**ACTIVITY:**
Exactly as written and without the pictures, output the entries below.
─── MATERIAL FOR THE TASK
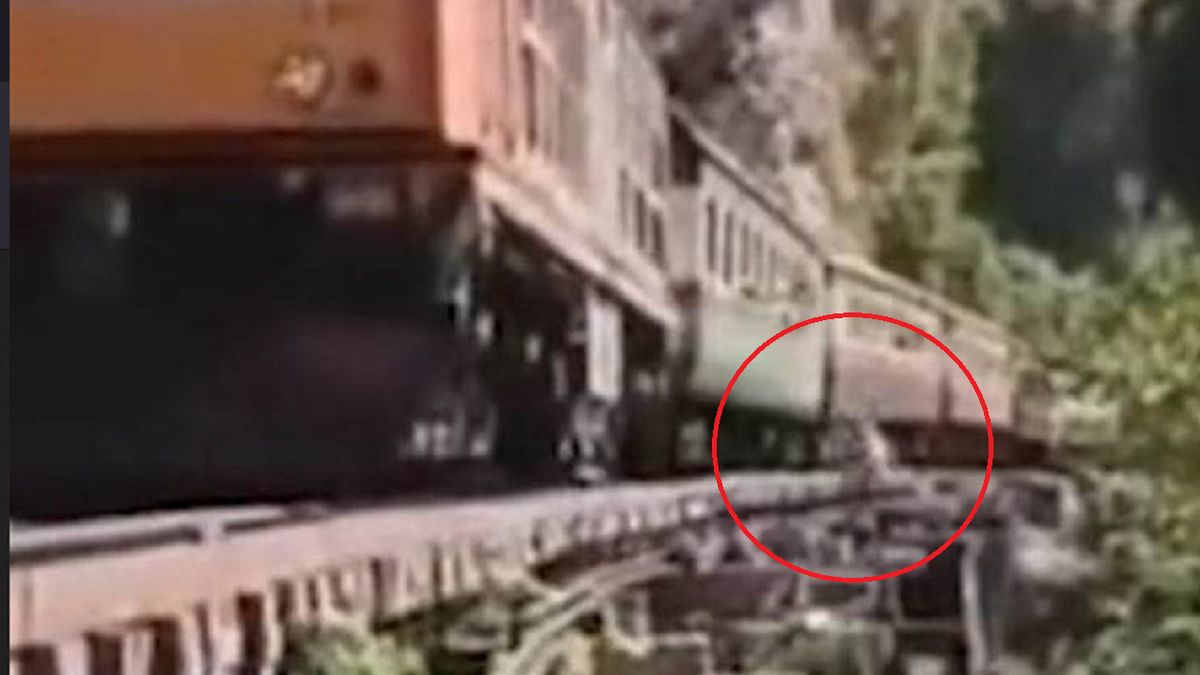 45-latek wypadł z pociągu.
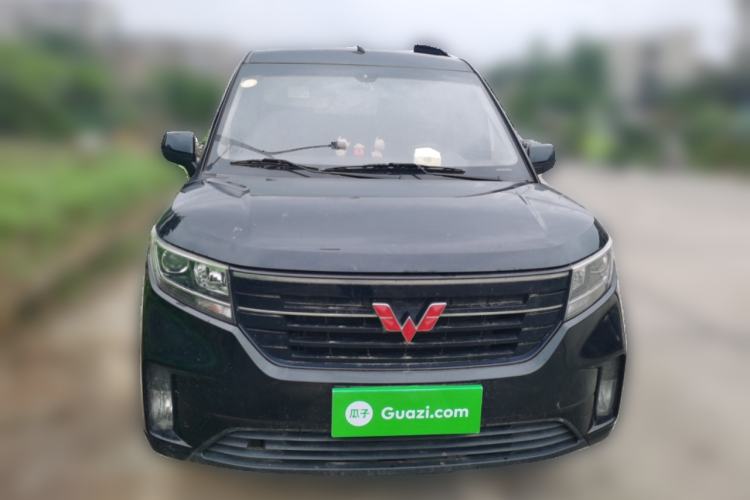 Used Wuling Hongguang PLUS 2019 1.5T Manual Luxury 7-Seater Front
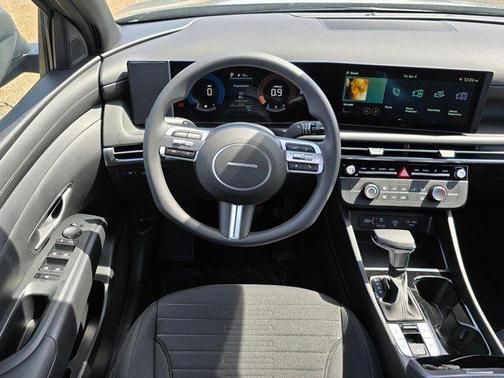 2025 Hyundai SANTA CRUZ SE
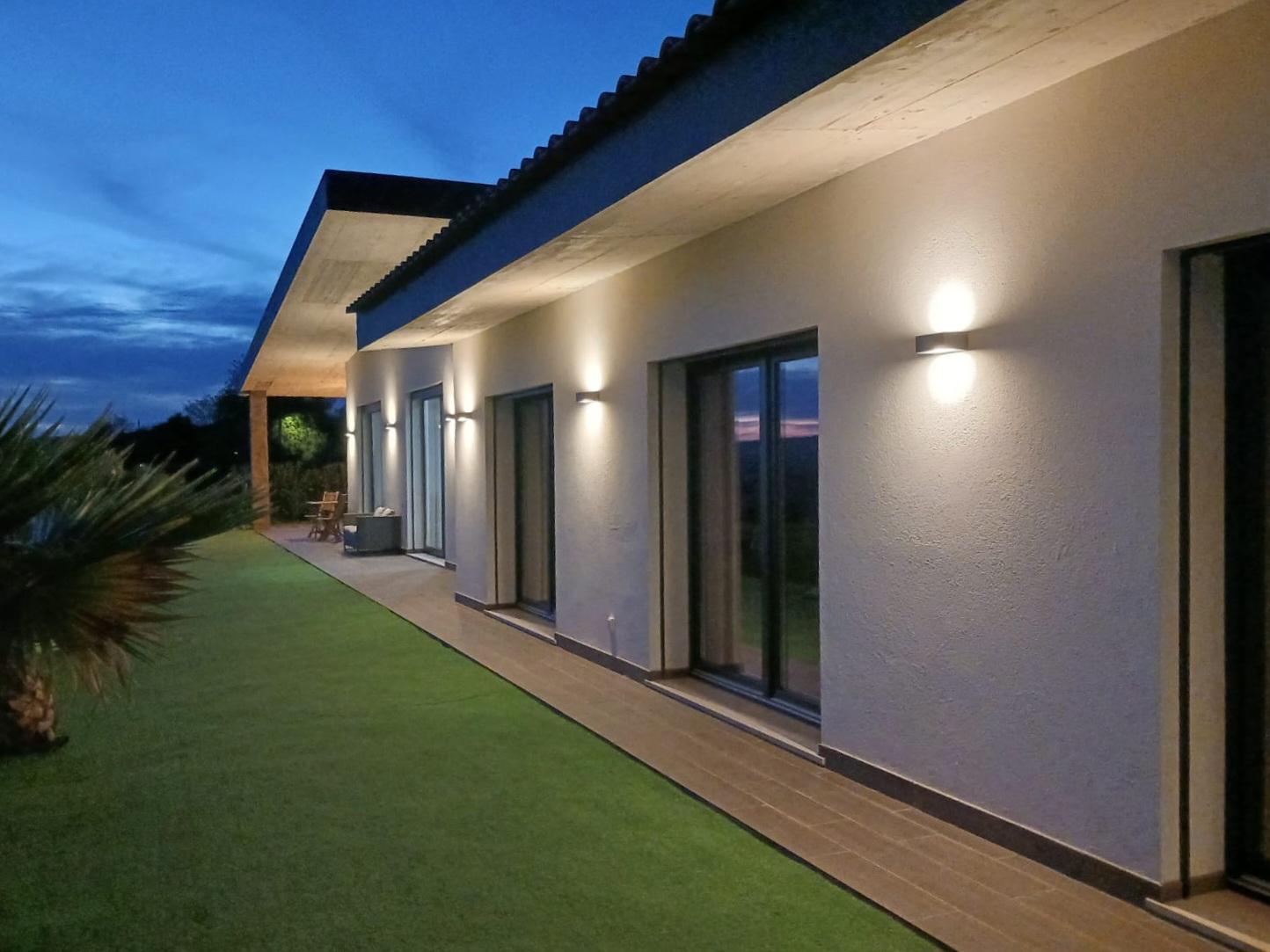 Magnifica moradia V4 contemporânea situado a 10mn de Loulé numa posição dominante e com vistas espetaculares sobre o campo.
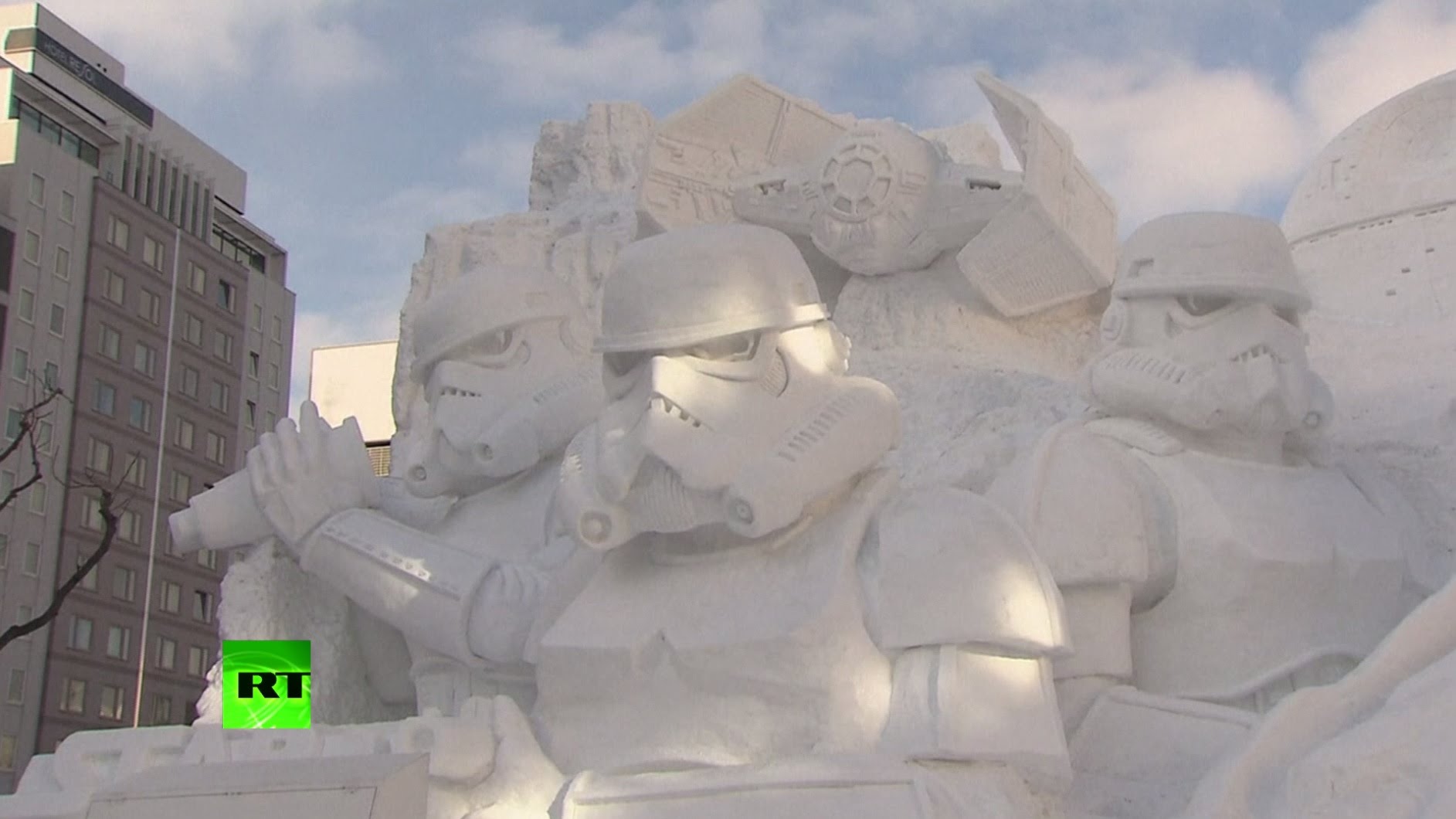 Междуреченск снег. Build Snow Statues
──────
**SOLVED EXERCISE:**
 45-latek wypadł z pociągu.
 Used Wuling Hongguang PLUS 2019 1.5T Manual Luxury 7-Seater Front
 2025 Hyundai SANTA CRUZ SE
 Magnifica moradia V4 contemporânea situado a 10mn de Loulé numa posição dominante e com vistas espetaculares sobre o campo.
 Междуреченск снег. Build Snow Statues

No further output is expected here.